RECORDS –
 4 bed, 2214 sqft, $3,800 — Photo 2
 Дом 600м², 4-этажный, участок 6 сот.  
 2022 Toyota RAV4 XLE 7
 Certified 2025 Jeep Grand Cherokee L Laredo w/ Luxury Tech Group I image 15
==
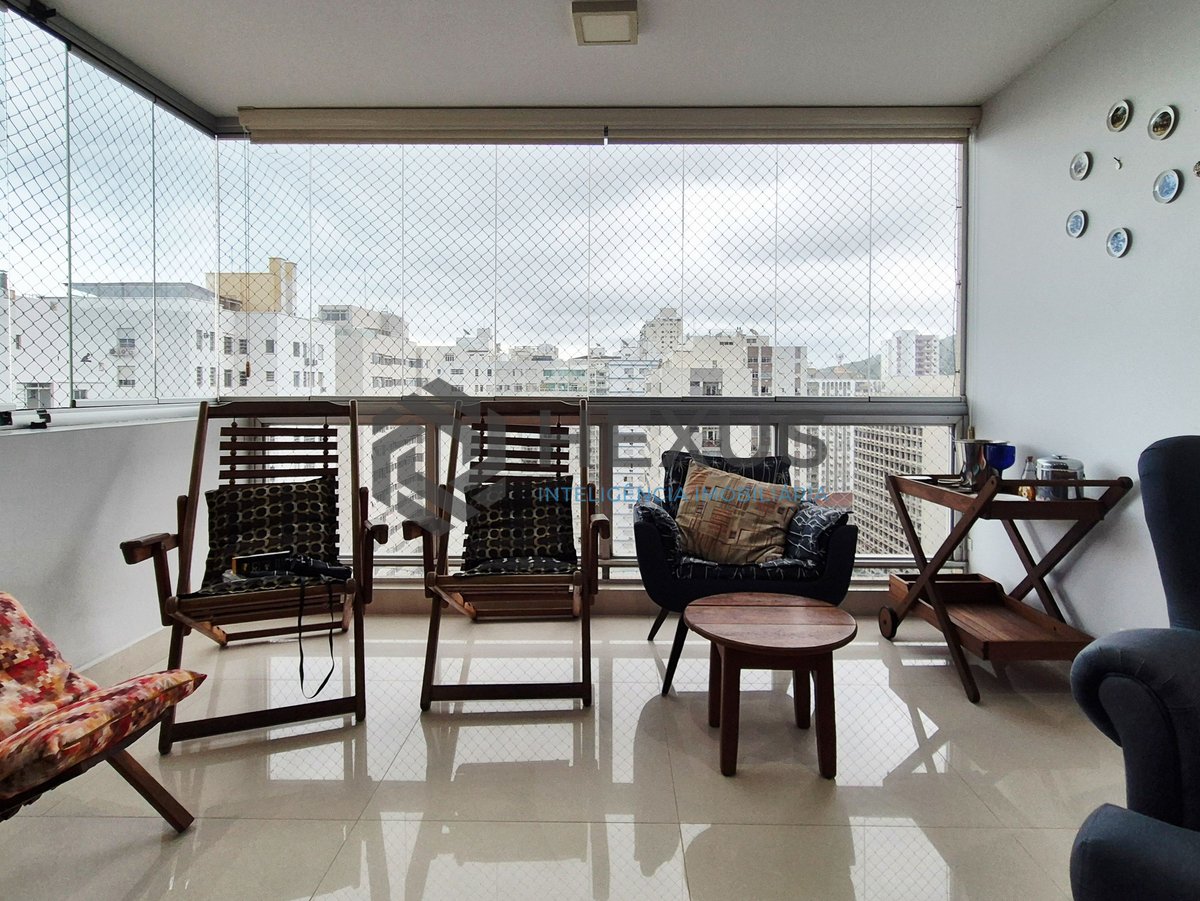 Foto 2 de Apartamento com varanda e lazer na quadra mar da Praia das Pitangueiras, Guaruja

WHAT YOU NEED TO DO –
All lines above from the one holding "2022 Toyota RAV4 XLE 7" to the one holding "Certified 2025 Jeep", inclusive, are to be copied exactly; no other line is wanted.

TASK RESULT –
 2022 Toyota RAV4 XLE 7
 Certified 2025 Jeep Grand Cherokee L Laredo w/ Luxury Tech Group I image 15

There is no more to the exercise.